In summary, the trial court did not err in denying defendant's motion for a veracity hearing and in denying defendant's request for disclosure of the informant.
II.
Defendant next argues that he needed access to the anonymous informant in order to prepare his defense. Characterizing the informant as the eyewitness to a crime, he asserts that the informant could provide information material to his defense and, therefore, that the police had an affirmative duty to help him locate the informant. We are not persuaded.
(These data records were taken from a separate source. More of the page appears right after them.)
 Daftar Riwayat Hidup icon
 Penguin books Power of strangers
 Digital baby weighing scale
Defendant was tried for possession of controlled substances and cultivation of marijuana. The essence of this crime is that controlled substances were found and marijuana was growing in defendant's house. Defendant has not specified how the anonymous informant could offer information which might negate any element of this crime such as the existence of the marijuana or his ownership and control of the place where it was found. Whatever the anonymous informant saw was also seen by defendant, his tenant, and the law enforcement officers who executed the search warrant on defendant's house. The evidence here was found in the house and defendant has not alleged any variance in the eyewitnesses' accounts.
Accordingly, once her tip had been corroborated and probable cause to search had been established, the anonymous informant's existence became irrelevant to this case. By corroborating the information, the People did not rely on the informant's unestablished credibility. And, the evidence resulting from the search speaks for itself. See People v. District Court, 904 P.2d 874 (Colo.1995); People v. Bueno, 646 P.2d 931 (Colo.1982).
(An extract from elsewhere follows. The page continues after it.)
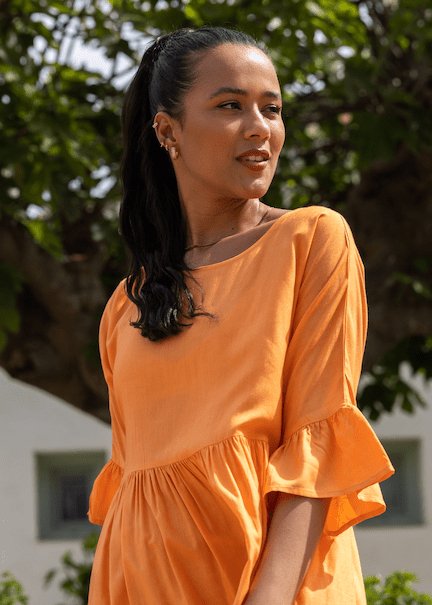 Farah Dress | Kjoler | Smuk - Dameklær på nett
In sum, we perceive no abuse of discretion in the trial court's ruling denying defendant's request for production of the informant. See People v. Villanueva, 767 P.2d 1219 (Colo. 1989); Roviaro v. United States, supra; People v. Callen, supra.
Judgment affirmed.
CASEBOLT, J., concurs.
CRISWELL, J., specially concurs.
Judge CRISWELL specially concurring.
Because I agree with the analysis contained in part IB of the majority's opinion, I need not, and I do not, consider the issue addressed in part IA. I do, of course, concur in the result.